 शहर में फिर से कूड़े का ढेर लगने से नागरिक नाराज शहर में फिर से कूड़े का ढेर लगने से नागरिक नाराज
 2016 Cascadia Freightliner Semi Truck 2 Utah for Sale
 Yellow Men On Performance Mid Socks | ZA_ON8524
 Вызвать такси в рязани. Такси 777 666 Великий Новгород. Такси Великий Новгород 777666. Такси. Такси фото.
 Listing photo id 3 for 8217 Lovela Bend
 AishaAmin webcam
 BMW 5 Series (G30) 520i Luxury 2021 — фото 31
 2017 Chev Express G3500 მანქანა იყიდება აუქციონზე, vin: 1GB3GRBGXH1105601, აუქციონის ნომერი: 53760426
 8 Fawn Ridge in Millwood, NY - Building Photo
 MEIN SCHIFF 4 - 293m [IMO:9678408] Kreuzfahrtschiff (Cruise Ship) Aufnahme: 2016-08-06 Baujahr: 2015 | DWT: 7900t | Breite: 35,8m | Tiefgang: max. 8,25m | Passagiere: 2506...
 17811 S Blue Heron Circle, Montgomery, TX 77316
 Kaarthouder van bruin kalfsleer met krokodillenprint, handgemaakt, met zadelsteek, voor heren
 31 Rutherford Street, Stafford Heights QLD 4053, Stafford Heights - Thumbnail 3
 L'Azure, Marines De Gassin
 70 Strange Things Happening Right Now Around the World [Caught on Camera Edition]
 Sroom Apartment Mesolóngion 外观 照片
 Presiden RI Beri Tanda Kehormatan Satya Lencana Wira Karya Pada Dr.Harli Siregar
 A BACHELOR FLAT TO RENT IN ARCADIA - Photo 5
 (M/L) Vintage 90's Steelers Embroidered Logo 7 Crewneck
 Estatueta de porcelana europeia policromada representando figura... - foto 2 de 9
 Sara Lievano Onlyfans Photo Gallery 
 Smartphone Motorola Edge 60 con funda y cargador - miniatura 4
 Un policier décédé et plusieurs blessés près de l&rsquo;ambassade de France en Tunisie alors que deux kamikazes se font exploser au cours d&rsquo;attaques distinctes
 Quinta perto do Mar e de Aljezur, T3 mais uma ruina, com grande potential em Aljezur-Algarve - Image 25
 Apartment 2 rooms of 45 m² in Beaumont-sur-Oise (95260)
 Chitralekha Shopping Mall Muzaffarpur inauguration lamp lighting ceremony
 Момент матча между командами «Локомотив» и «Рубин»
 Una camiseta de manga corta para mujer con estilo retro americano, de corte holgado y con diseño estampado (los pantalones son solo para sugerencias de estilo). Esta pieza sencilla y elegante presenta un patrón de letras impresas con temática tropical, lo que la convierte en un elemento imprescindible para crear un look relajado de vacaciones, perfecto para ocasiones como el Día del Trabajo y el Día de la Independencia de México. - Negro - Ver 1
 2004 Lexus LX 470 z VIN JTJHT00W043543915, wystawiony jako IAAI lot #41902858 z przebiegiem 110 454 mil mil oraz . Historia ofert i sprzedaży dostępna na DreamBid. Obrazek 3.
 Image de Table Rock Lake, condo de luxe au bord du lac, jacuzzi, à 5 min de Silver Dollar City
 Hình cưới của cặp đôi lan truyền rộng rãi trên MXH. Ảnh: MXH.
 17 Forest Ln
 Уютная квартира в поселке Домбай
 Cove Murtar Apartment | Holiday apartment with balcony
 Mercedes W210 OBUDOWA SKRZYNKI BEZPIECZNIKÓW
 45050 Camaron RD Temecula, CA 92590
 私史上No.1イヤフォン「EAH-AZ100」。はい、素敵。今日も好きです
══════════════════════════════
YOUR ASSIGNMENT:
With the line that contains "2004 Lexus LX" as the start, output every line through the end of the entries exactly. Add no other lines.

ANSWER TO THE PROBLEM:
 2004 Lexus LX 470 z VIN JTJHT00W043543915, wystawiony jako IAAI lot #41902858 z przebiegiem 110 454 mil mil oraz . Historia ofert i sprzedaży dostępna na DreamBid. Obrazek 3.
 Image de Table Rock Lake, condo de luxe au bord du lac, jacuzzi, à 5 min de Silver Dollar City
 Hình cưới của cặp đôi lan truyền rộng rãi trên MXH. Ảnh: MXH.
 17 Forest Ln
 Уютная квартира в поселке Домбай
 Cove Murtar Apartment | Holiday apartment with balcony
 Mercedes W210 OBUDOWA SKRZYNKI BEZPIECZNIKÓW
 45050 Camaron RD Temecula, CA 92590
 私史上No.1イヤフォン「EAH-AZ100」。はい、素敵。今日も好きです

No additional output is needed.